The anger is real and grows with more intensity every day. It’s a feeling National Basketball Association legend Dick Barnett would love to extinguish, but can’t.

And Barnett is not alone. Former NBA great Sam Jones shares the feeling as does basketball impresario Sonny Hill and legendary coach John Chaney. It’s an acid-burning sensation that seems impossible to quench.

They feel it’s a travesty that the late John B. McLendon Jr. has not been enshrined into the Naismith Basketball Hall of Fame as a coach. The inventor of the full-court press and the four-corner offense was inducted as a contributor in 1979.

“That was an insult,” said Barnett, who was coached by McLendon at Tennessee Agricultural & Industrial State University, which is now Tennessee State University.

“What John McLendon did was revolutionize the game. Others have taken credit for what he did,” he said. “[The late] Dean Smith didn’t invent the four corners. That was all John McLendon. Don’t even talk about the full-court press.

“They may say people like Rick [Pitino] and others like him started it but again, it was all John McLendon,” he added.

“When we won three straight NAIA championships [1957, 1958, 1959], nobody else had done that. He did it before [the late] John Wooden did it in the NCAA with UCLA,” Barnett said of the National Association of Intercollegiate Athletics titles.

“After we won it in ’57, we asked to join the NCAA and were denied. In ’58, we asked to join the NIT, which was bigger than the NCAA back then, and were denied. The truth was they didn’t want to play an all-Black team,” he added.

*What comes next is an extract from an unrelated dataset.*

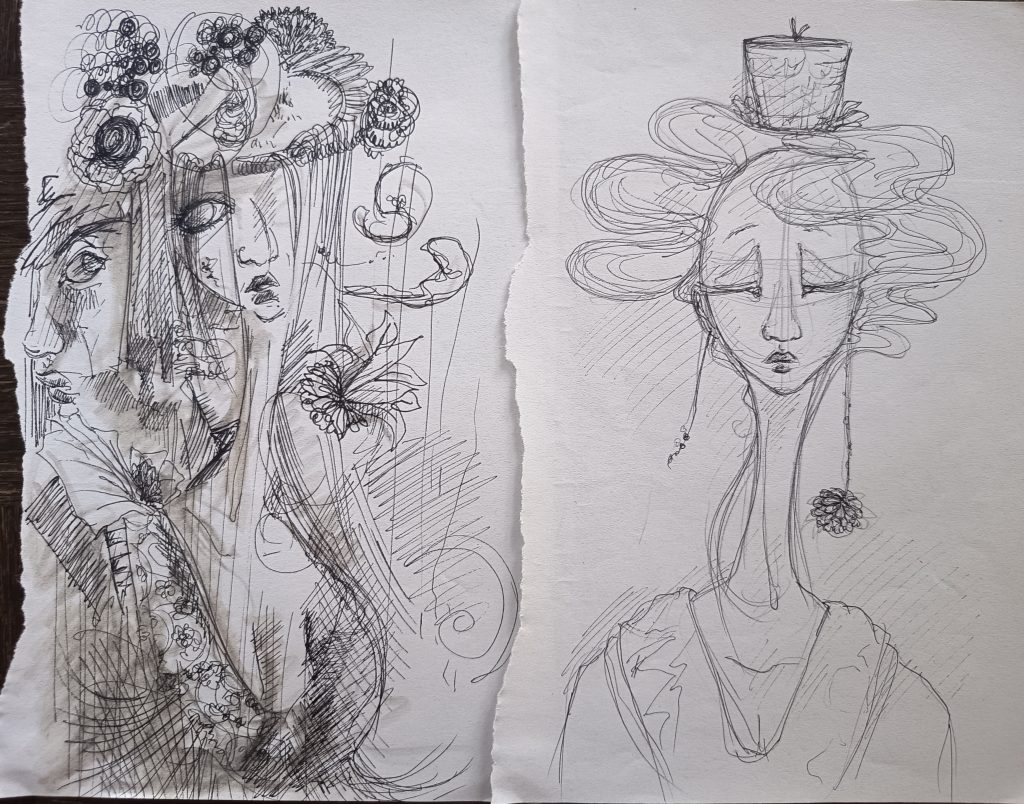 Stylish women feutre fin noir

McLendon’s teams could embarrass opponents without working up a good sweat.

“They were tenacious on defense and tenacious on offense,” said Hill. “They broke teams down. They were polished and played basketball at a level that was different from the opposition.”

On Sept. 9, the miscarriage will be corrected when McLendon is inducted posthumously as a coach into the Naismith Basketball Hall of Fame in Springfield, Mass.

Joining him in the 2016 class will be former NBA All-Stars Allen Iverson, Shaquille O’Neal, Yao Ming, Michigan State coach Tom Izzo, four-time WNBA champion Sheryl Swoopes and Chicago Bulls owner Jerry Reinsdorf. Longtime referee Darell Garretson, NBA and ABA star Zelmo Beaty and multi-sport star Cumberland Posey will also be inducted posthumously.

According to museum curator Matt Zeysing, McLendon will be the first Hall of Famer enshrined as both a contributor and a coach.

“He’s going in for coaching,” said Zeysing. “We’ve had people going in as [a] player and coach like John Wooden and Lenny Wilkens and Tom Heinsohn [and Bill Sharman], but never as a contributor and coach. That’s a first and it goes to a very deserving person in coach McLendon.”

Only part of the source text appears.